#### PROVIDED ENTRIES
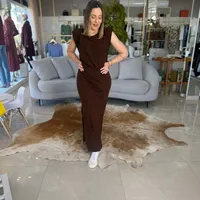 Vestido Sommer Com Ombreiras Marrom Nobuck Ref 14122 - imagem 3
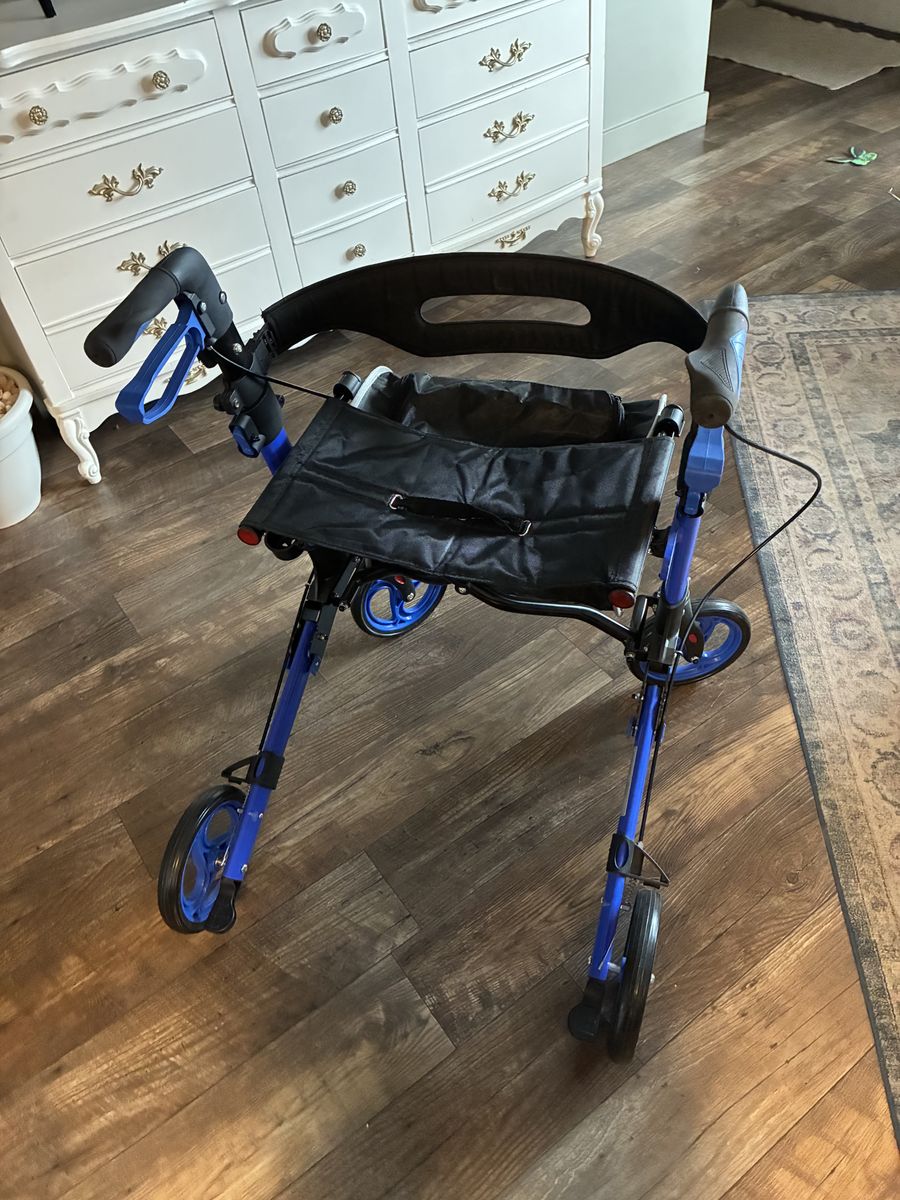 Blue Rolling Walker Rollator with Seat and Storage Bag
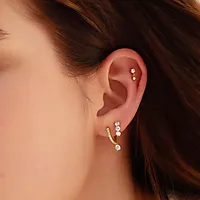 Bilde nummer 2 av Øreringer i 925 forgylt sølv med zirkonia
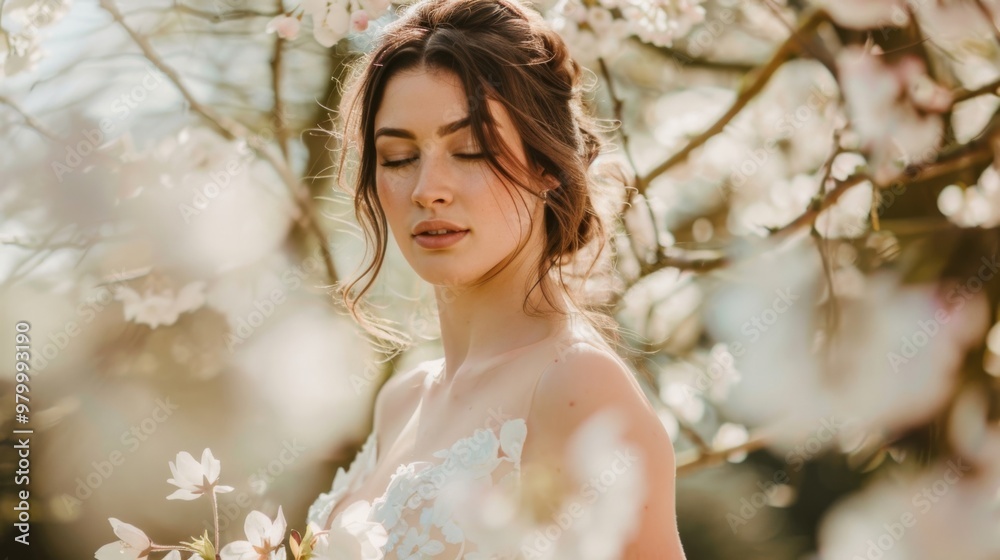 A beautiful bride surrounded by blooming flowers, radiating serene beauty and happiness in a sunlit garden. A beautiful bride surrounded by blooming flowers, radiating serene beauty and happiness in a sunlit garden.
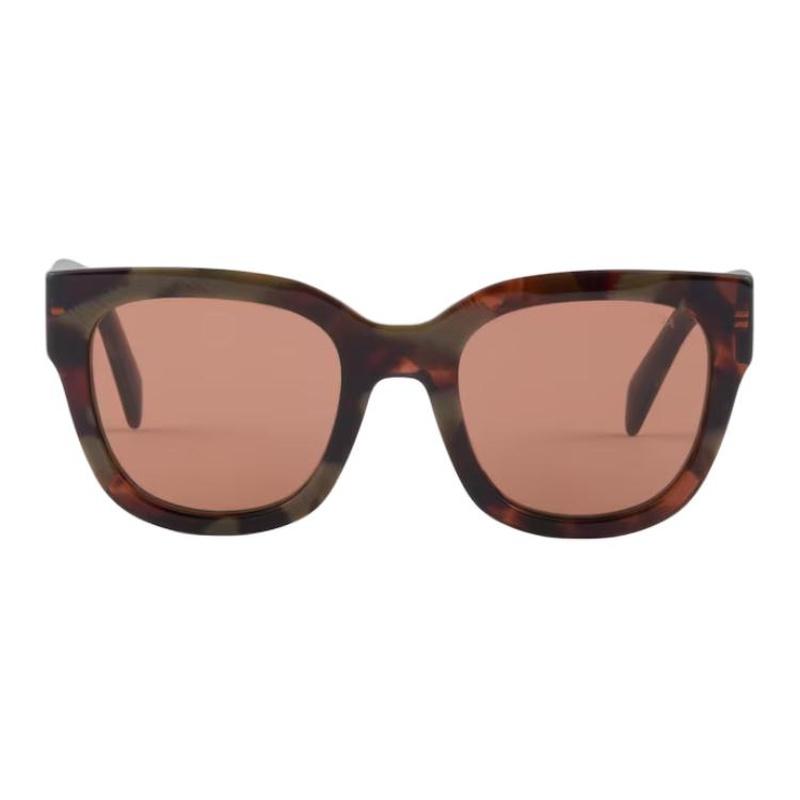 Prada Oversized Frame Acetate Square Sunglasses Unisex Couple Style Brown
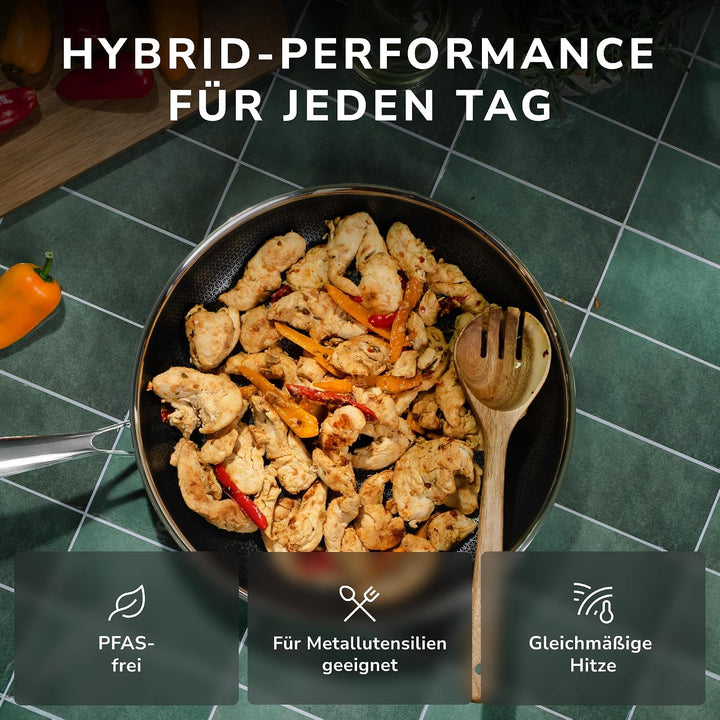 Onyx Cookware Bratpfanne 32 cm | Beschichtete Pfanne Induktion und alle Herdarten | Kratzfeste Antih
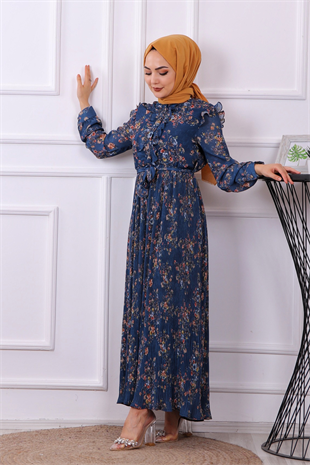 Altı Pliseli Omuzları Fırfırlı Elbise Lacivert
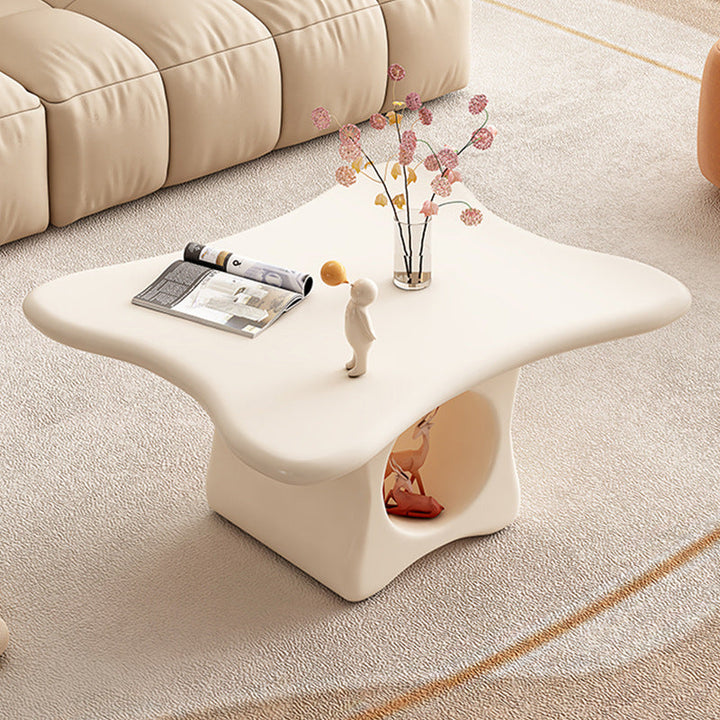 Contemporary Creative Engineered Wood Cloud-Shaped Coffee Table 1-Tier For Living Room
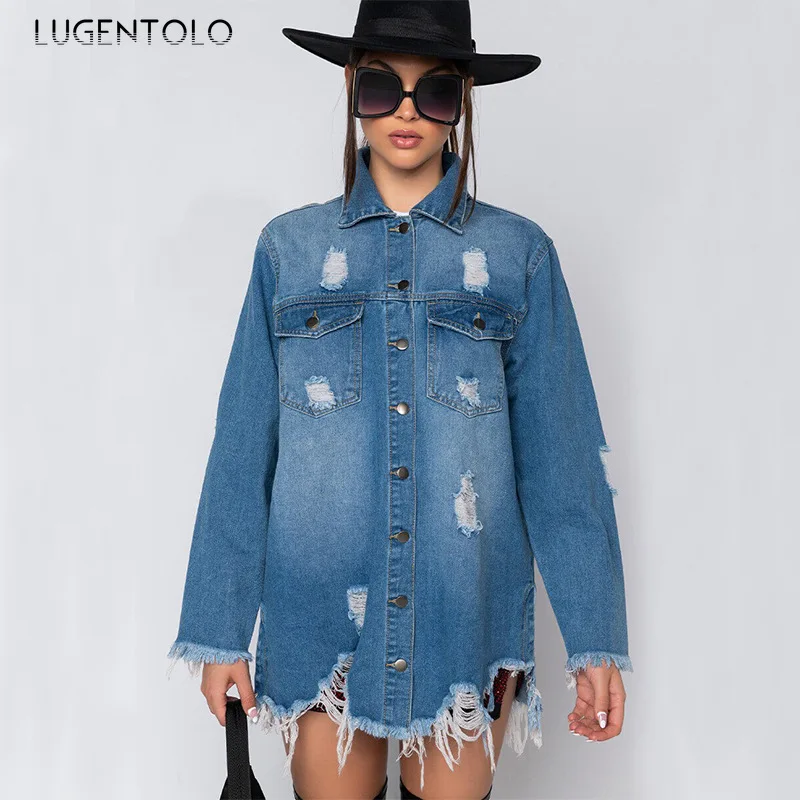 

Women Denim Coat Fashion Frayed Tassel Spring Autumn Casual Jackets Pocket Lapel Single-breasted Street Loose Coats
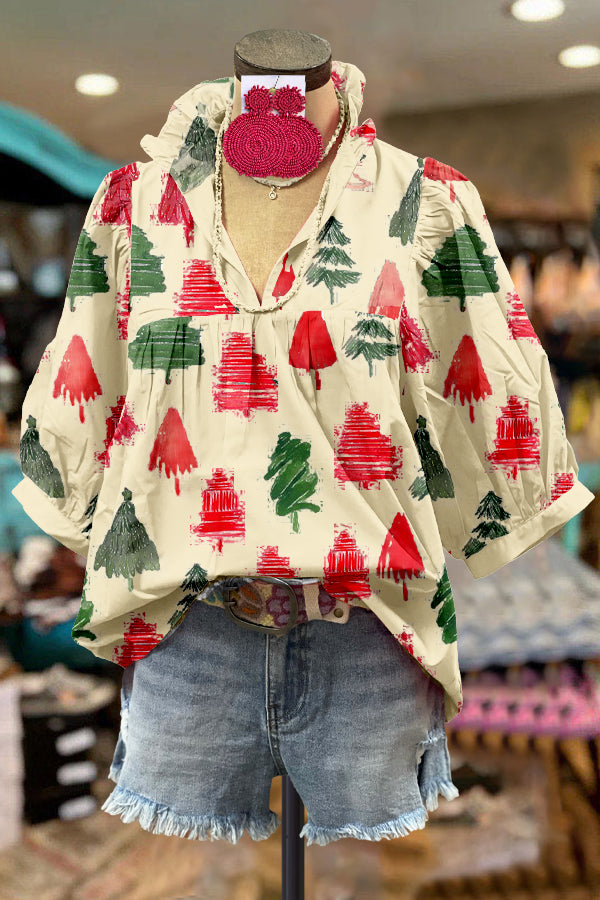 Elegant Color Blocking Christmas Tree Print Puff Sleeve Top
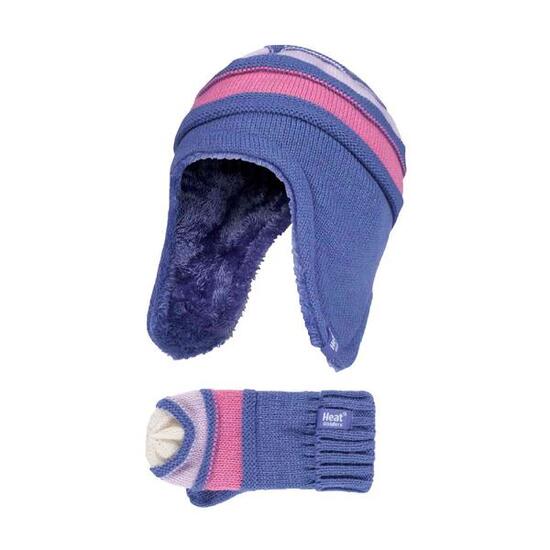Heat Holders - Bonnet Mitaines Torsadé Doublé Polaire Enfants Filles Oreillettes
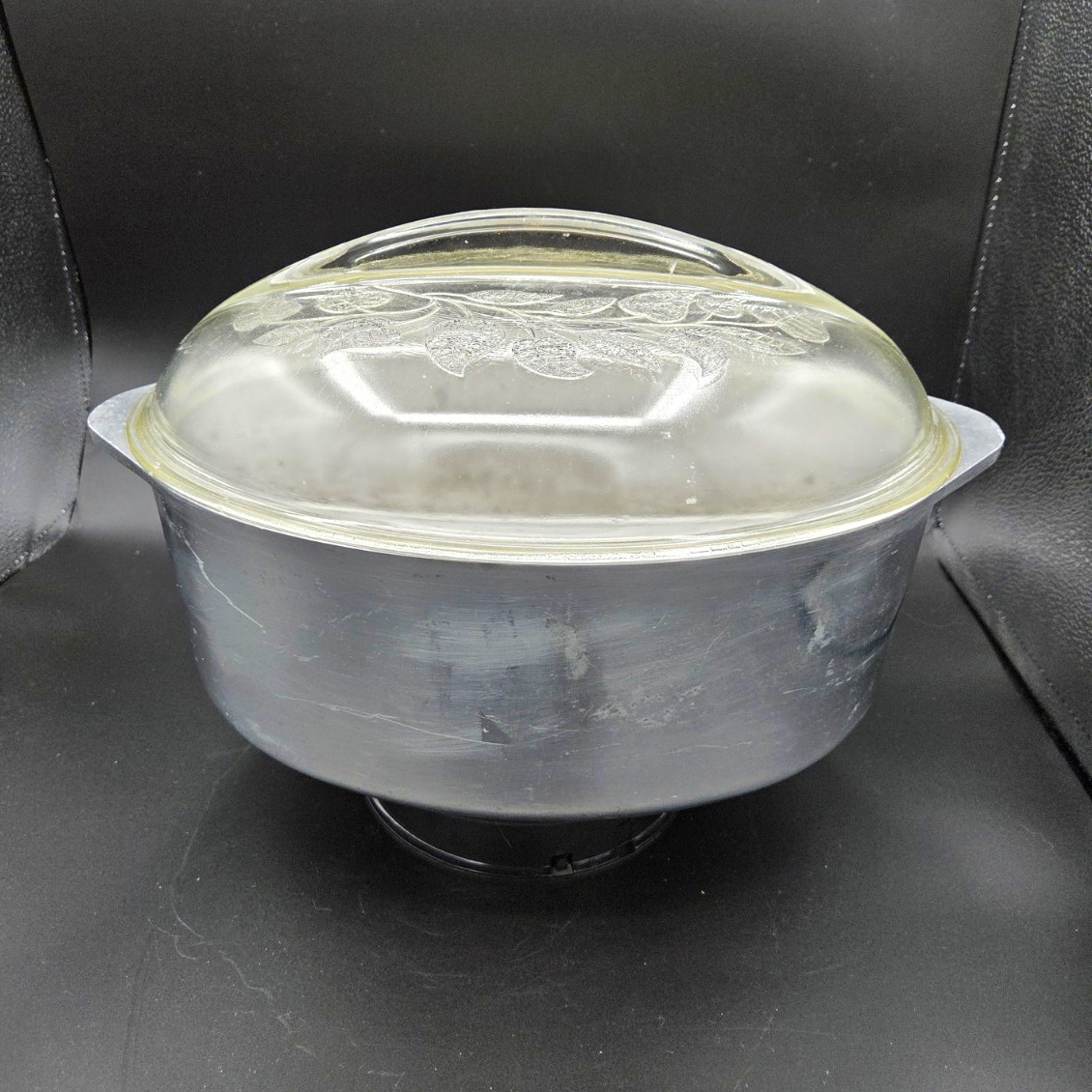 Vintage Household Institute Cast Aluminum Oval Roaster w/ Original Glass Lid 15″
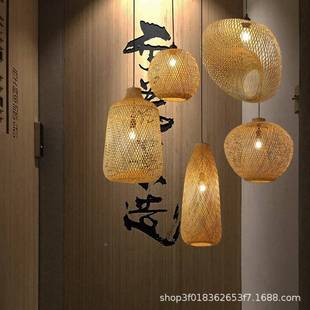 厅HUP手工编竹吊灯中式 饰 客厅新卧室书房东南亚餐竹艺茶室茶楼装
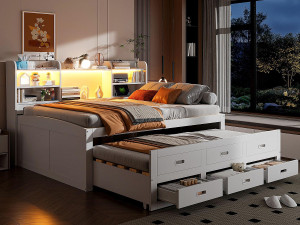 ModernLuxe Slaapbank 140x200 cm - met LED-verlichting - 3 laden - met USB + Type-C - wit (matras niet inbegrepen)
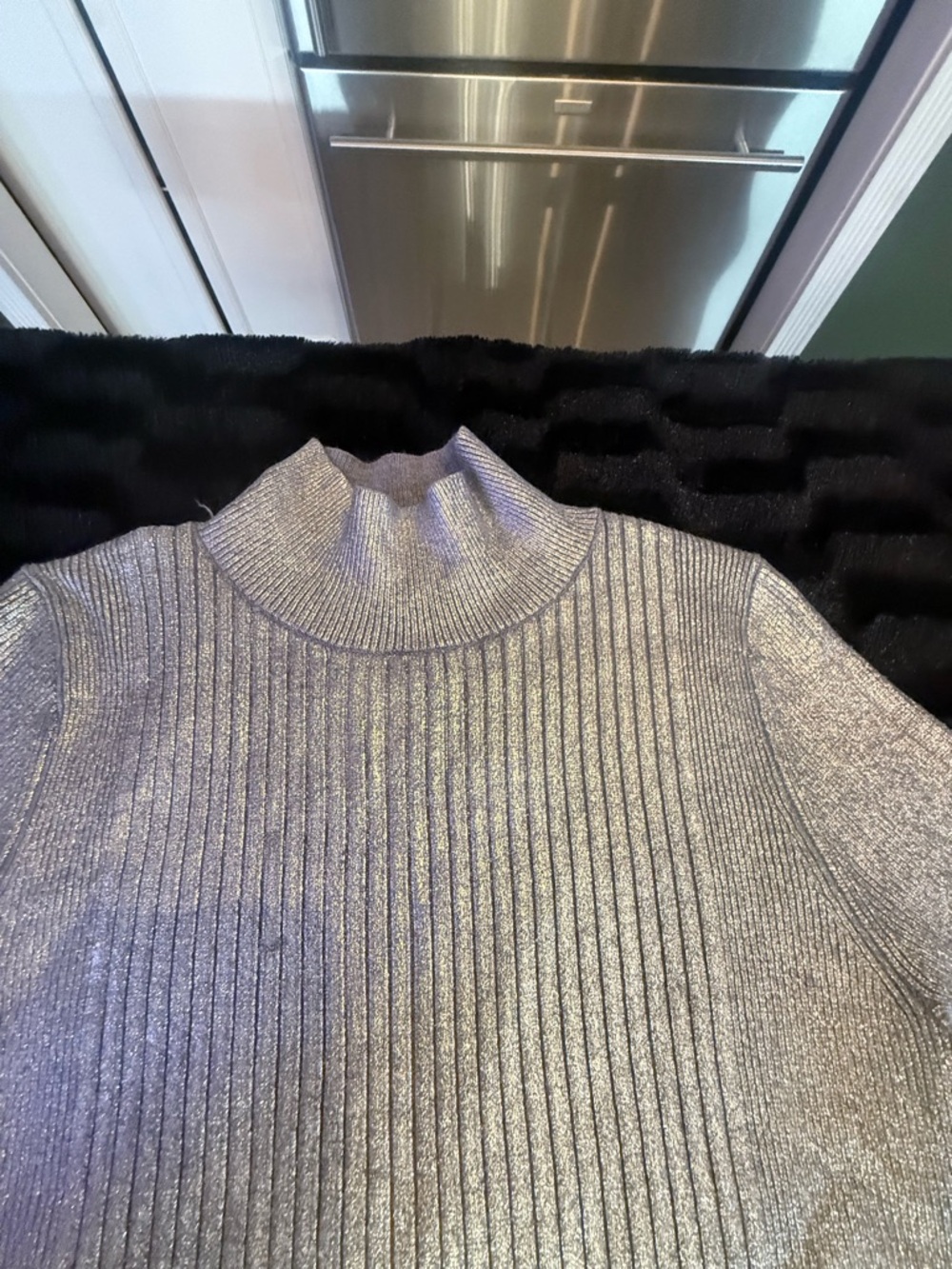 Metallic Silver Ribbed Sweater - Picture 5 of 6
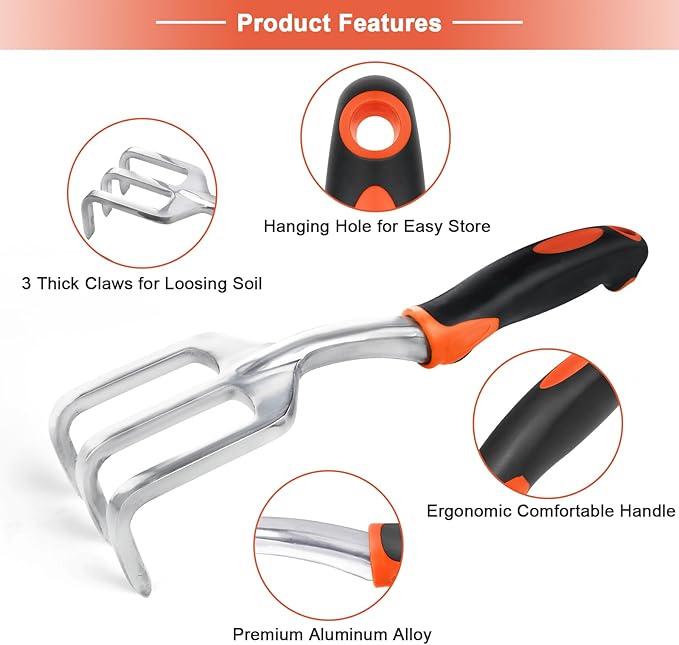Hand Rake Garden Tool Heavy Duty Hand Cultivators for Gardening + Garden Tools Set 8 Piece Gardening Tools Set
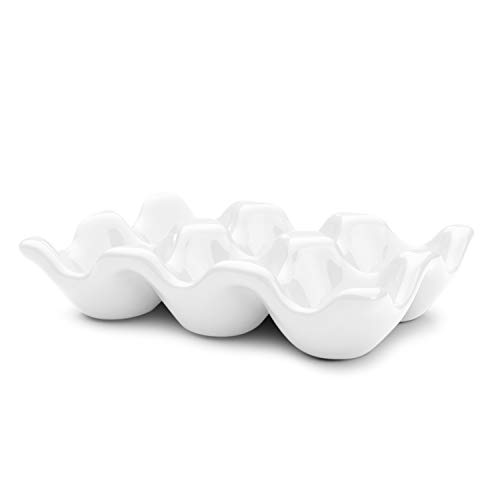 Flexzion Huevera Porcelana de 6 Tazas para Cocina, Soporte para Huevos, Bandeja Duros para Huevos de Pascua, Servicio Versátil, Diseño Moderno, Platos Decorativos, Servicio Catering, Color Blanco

#### PROBLEM TO SOLVE
Print the records exactly and omit all pictures.

#### OUTPUT OF THE TASK
 Vestido Sommer Com Ombreiras Marrom Nobuck Ref 14122 - imagem 3
 Blue Rolling Walker Rollator with Seat and Storage Bag
 Bilde nummer 2 av Øreringer i 925 forgylt sølv med zirkonia
 A beautiful bride surrounded by blooming flowers, radiating serene beauty and happiness in a sunlit garden. A beautiful bride surrounded by blooming flowers, radiating serene beauty and happiness in a sunlit garden.
 Prada Oversized Frame Acetate Square Sunglasses Unisex Couple Style Brown
 Onyx Cookware Bratpfanne 32 cm | Beschichtete Pfanne Induktion und alle Herdarten | Kratzfeste Antih
 Altı Pliseli Omuzları Fırfırlı Elbise Lacivert
 Contemporary Creative Engineered Wood Cloud-Shaped Coffee Table 1-Tier For Living Room

Women Denim Coat Fashion Frayed Tassel Spring Autumn Casual Jackets Pocket Lapel Single-breasted Street Loose Coats
 Elegant Color Blocking Christmas Tree Print Puff Sleeve Top
Heat Holders - Bonnet Mitaines Torsadé Doublé Polaire Enfants Filles Oreillettes
 Vintage Household Institute Cast Aluminum Oval Roaster w/ Original Glass Lid 15″
 厅HUP手工编竹吊灯中式 饰 客厅新卧室书房东南亚餐竹艺茶室茶楼装
 ModernLuxe Slaapbank 140x200 cm - met LED-verlichting - 3 laden - met USB + Type-C - wit (matras niet inbegrepen)
 Metallic Silver Ribbed Sweater - Picture 5 of 6
Hand Rake Garden Tool Heavy Duty Hand Cultivators for Gardening + Garden Tools Set 8 Piece Gardening Tools Set
 Flexzion Huevera Porcelana de 6 Tazas para Cocina, Soporte para Huevos, Bandeja Duros para Huevos de Pascua, Servicio Versátil, Diseño Moderno, Platos Decorativos, Servicio Catering, Color Blanco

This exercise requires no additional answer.